I have two tables : DOCUMENT and METADATA. DOCUMENT stores an ID and some informations we're not interested in, METADATA stores "tags" for those documents. A tag is composed of a key and a value.
So for one document, there is only one entry in the DOCUMENT table, but possibly many in the METADATA table.
Now what I need is to pass a set of keys/values, and retrieve from the METADATA table only the documents that match ALL the keys/values. Which means inspecting different rows "at the same time", well, I don't really know how to do it.
Quick example:
META_KEY | META_VALUE | META_DOCUMENT_ID
----------------------------------------
Firstname| Chris | 1
Lastname | Doe | 1
Firstname| Chris | 2
Lastname | Moe | 2
So if I query with the following tags : "Firstname"="Chris", "Lastname"="Doe", I want 1 as result. If I only specify "Firstname"="Chris" I want both 1 and 2 as results.
Thanks a lot for any help !
EDIT :
How about something where I count the number of tags that have to match ?
Like this :
select meta_document_id, count(*) from metadata where (meta_key = 'Firstname' and meta_value = 'Chris') or (meta_key = 'Lastname' and meta_value = 'Doe') group by meta_document_id
With the count(*) I can easily find out if all the input key/value pairs have matched. How would that run performance-wise ?
Well, you are employing a database model named "key-value" or "Entity-attributte-value".

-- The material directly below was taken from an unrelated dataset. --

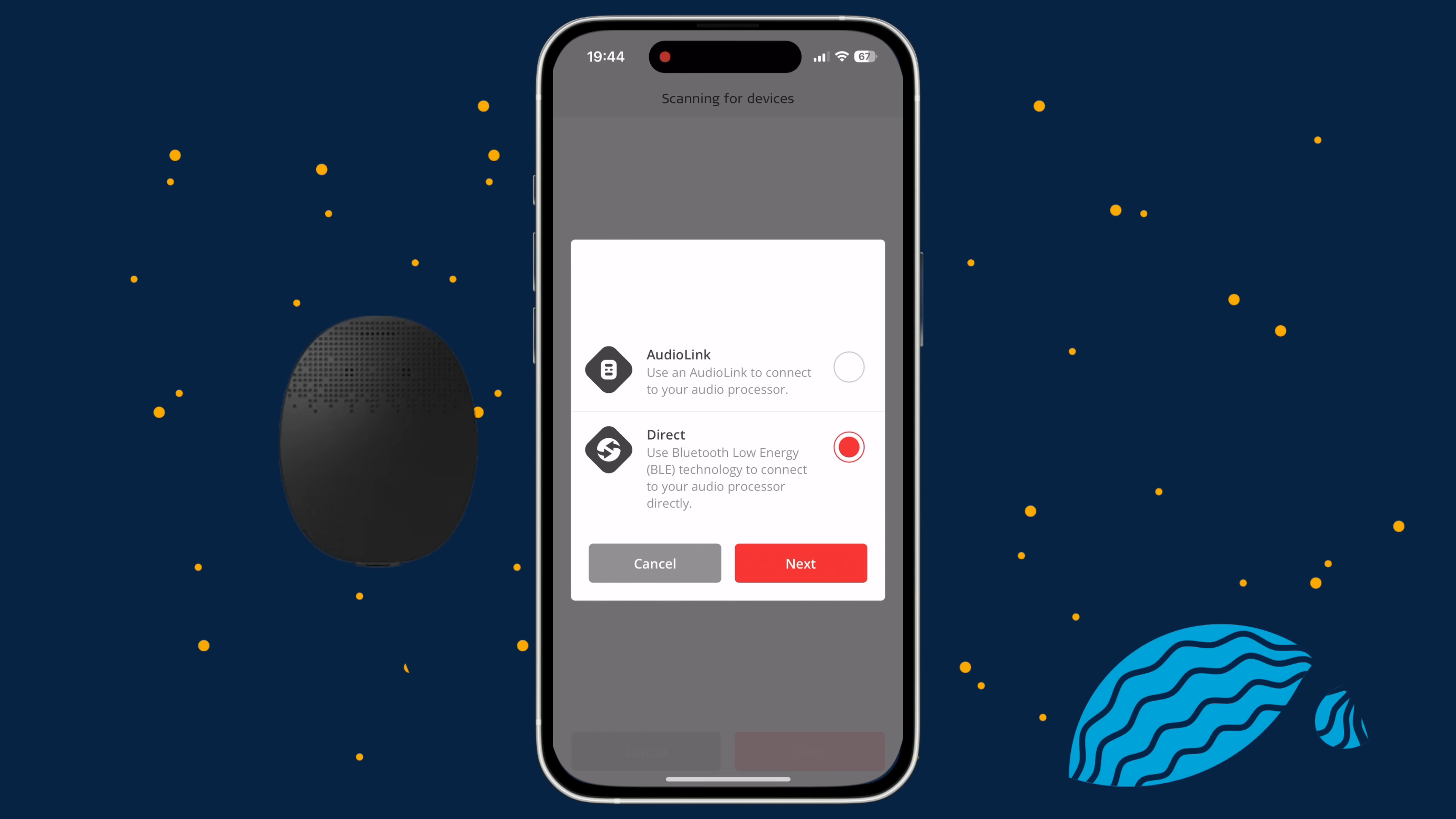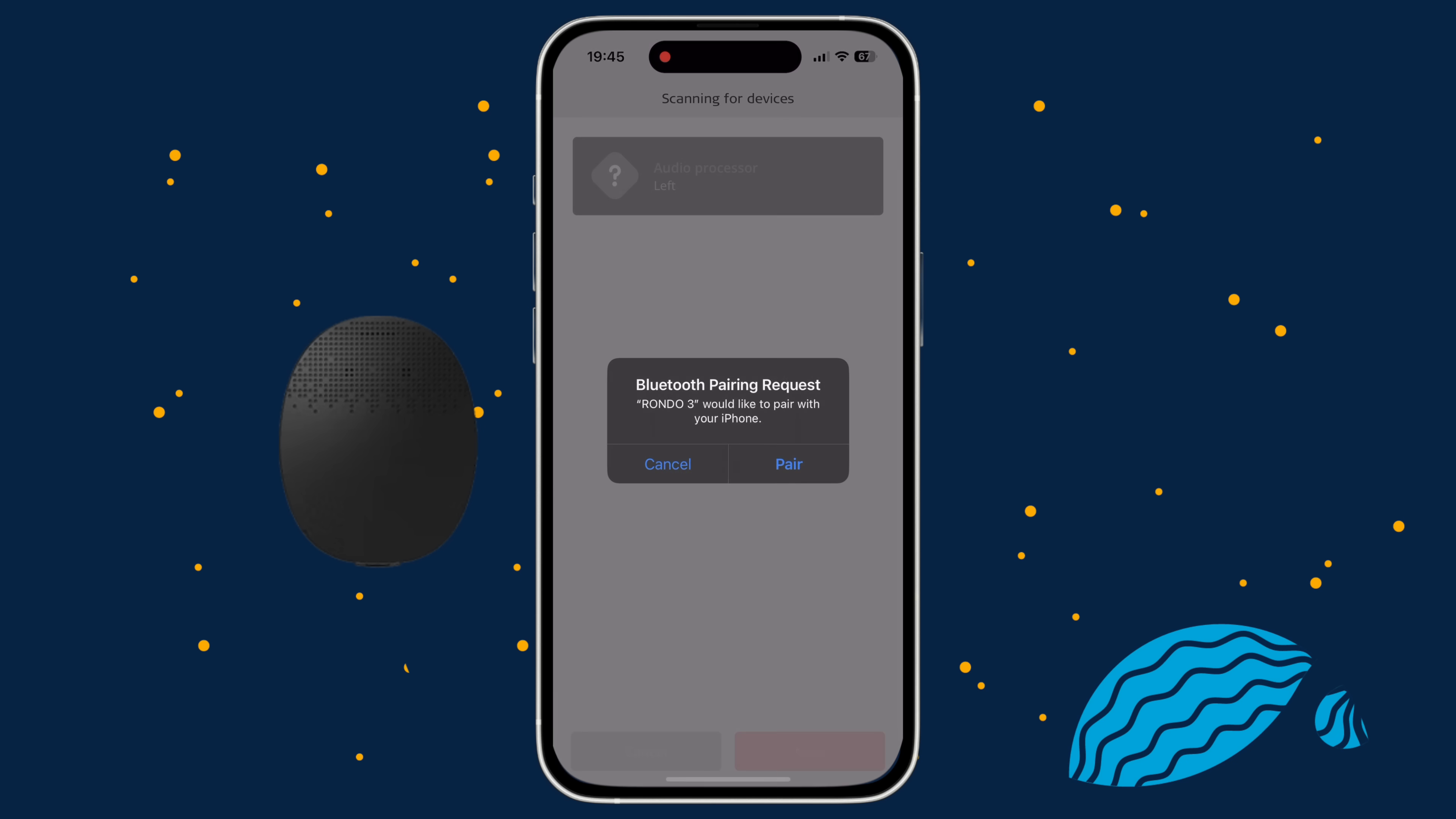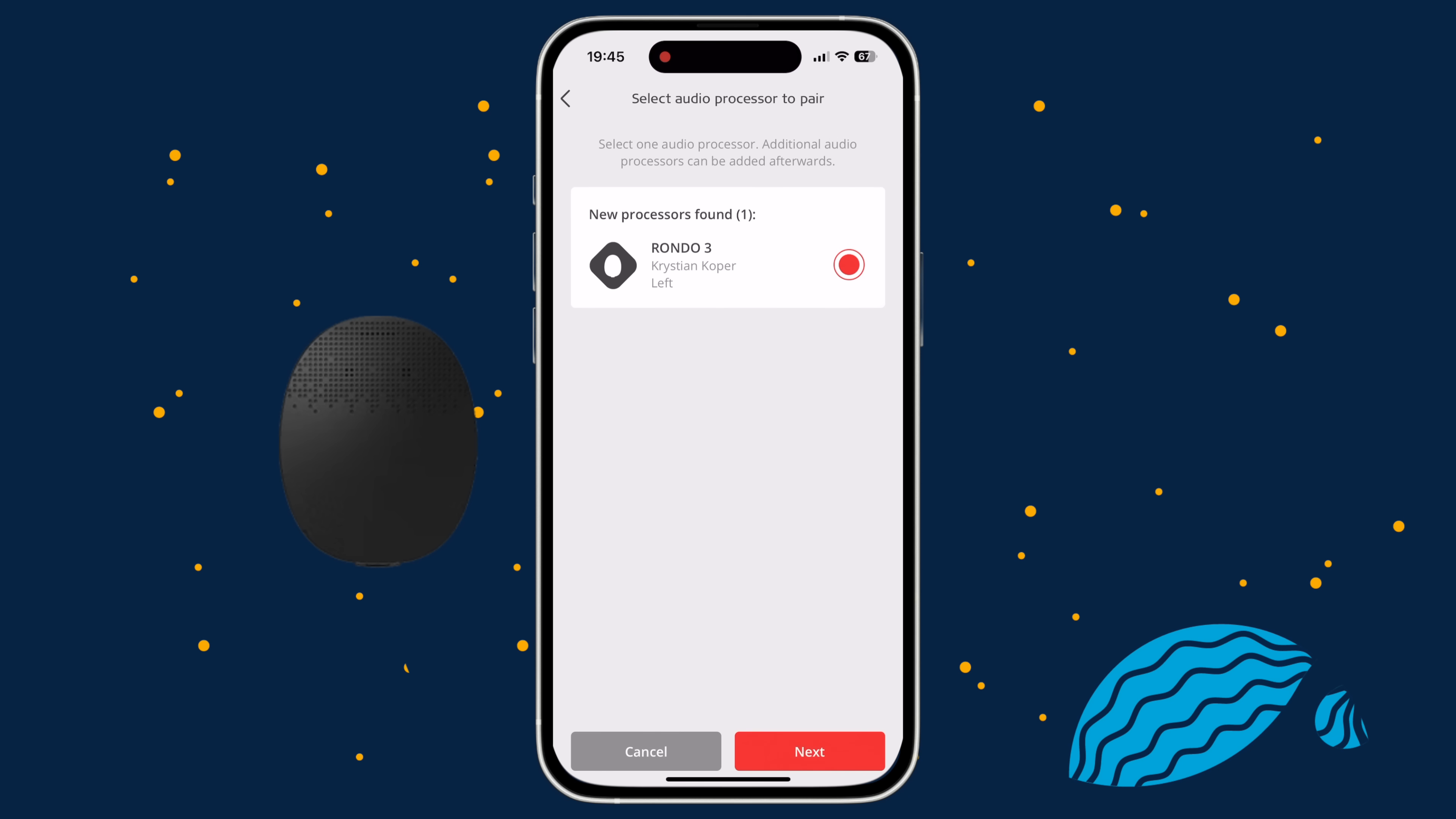If the pairing screen doesn't appear automatically, navigate to your profile and under Audio Processor, tap Pair Now. Turn Rondo 3 off and then on again. Then select the Direct Connection option and tap Next. Audio Key 2 will automatically pair with your device. Once your Audio Processor is paired, tap Next.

This is usually not a best choice, you can read more on this in these questions:
Key/Value pairs in a database table
Key value pairs in relational database
You need two separate queries for these two cases like this:
SELECT distinct META_DOCUMENT_ID
FROM METADATA
WHERE meta_key = 'Firstname' and meta_value = 'Chris'
SELECT distinct m1.META_DOCUMENT_ID
FROM METADATA m1
JOIN METADATA m2
ON m1.META_DOCUMENT_ID = m2.META_DOCUMENT_ID
WHERE m1.meta_key = 'Firstname' and m1.meta_value = 'Chris'
AND m2.meta_key = 'Lastname' and m2.meta_value = 'Doe'
EDIT:
I suppose I'll have to join N times the table for N key/value pairs ?
This could be done without a join, for example like below (assuming that each id has no more than 1 meta_key value):
SELECT META_DOCUMENT_ID
FROM METADATA
WHERE (meta_key, meta_value) IN
( ('Firstname' ,'Chris'), ('Lastname', 'Doe' ) )
GROUP BY META_DOCUMENT_ID
HAVING COUNT(*) = 2 /* 2 means that we are looking for 2 meta keys */
How is that going to run performance-wise ?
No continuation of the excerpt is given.